Boos & Queues: A seven-hour saga getting into the conference

December 14, 2009 at 8:47am
Seth's toes are finally warm. In his security photo he is grinning like a child -- and with reason. He's finally in.

"You have no idea how important water and a bathroom is until you don't have it," he said after waiting 7 hours and 20 minutes to enter the Copenhagen climate talks.
Attendees wait in a line to pick up accreditation at the U.N. climate summit in Copenhagen, Dec. 14. (AP Photo/Virginia Mayo) © 2010 APAttendees wait in a line to pick up accreditation at the U.N. climate summit in Copenhagen, Dec. 14. (AP Photo/Virginia Mayo) © 2010 AP
With U.N. security letting in only those cleared last week, hundreds of accredited delegates, journalists and NGO representatives were left to stand for hours in near-freezing temperatures before being let through. "It was crazy," AP's Seth Borenstein said. "You couldn't leave the line. You couldn't go to the bathroom, you couldn't eat. Then snowflakes started falling. One woman even said, 'if lightning strikes me, would they take me out of line?'"

People started handing out food -- one gave out tangerines, another croissants. A man screamed "I don't need food. I need socks! I'm freezing my ass off out here." At one point, a U.N. official announced the wait would be longer, prompting the crowd to boo and chant "Let Us In!"

An Indian TV crew member interviewing actor Rahul Bose quipped "we'll just do our interviews out here!" to which Bose mused "when bad things happen in a first-world country, it's really a disaster!"

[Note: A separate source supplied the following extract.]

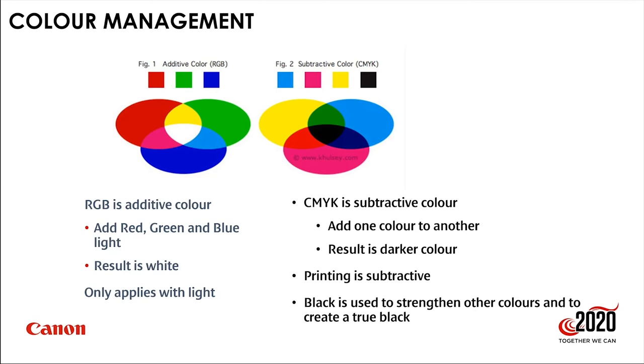Mixing red and green light gives yellow — counterintuitive, but true. Red and blue give magenta; blue and green give cyan. The reverse applies for printing: yellow plus cyan ink creates green; cyan plus magenta creates blue; magenta plus yellow creates red. Note: paint behaves differently — it's technically subtractive but pigments in paint work differently from pigments in ink.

Seth himself stepped into the line at 7:55 a.m. and was through at 3:15 p.m., but only after another AP reporter, John Heilprin, "saved my bacon" by persuading a U.N. security guard to go out and fetch him. "John was afraid to go out himself in case they wouldn't let him back in ... the first thing I did when I saw him was give him a big hug. I have never been so grateful to be indoors." Seth's neighbors in line? "Oh they're still out there."

And it looks like they might stay there. With 40,000 people registered and Bella Center's capacity only 15,000, the U.N. introduced a new quota system and ordered NGOs to cut down their numbers. Police shut down the Bella Center's subway stop in a bid to ease the congestion. The situation can only get worse as more than 100 heads of state and government, including President Obama, show up this week with their entourages.

Many among the 3,500 accredited journalists worry they may be "locked down" in the press area and kept away from the conference center's central atrium where delegates, presidents and premiers would circulate.

UPDATE: At 5 p.m., U.N. officials told everyone still in line that accreditation would close at 6 p.m. and so they should leave until Tuesday morning. Police started pulling people out of the crowd, which shouted back "Shame on the U.N.!" The U.N. then apologized for the inconvenience -- a gesture met with more booing and chanting.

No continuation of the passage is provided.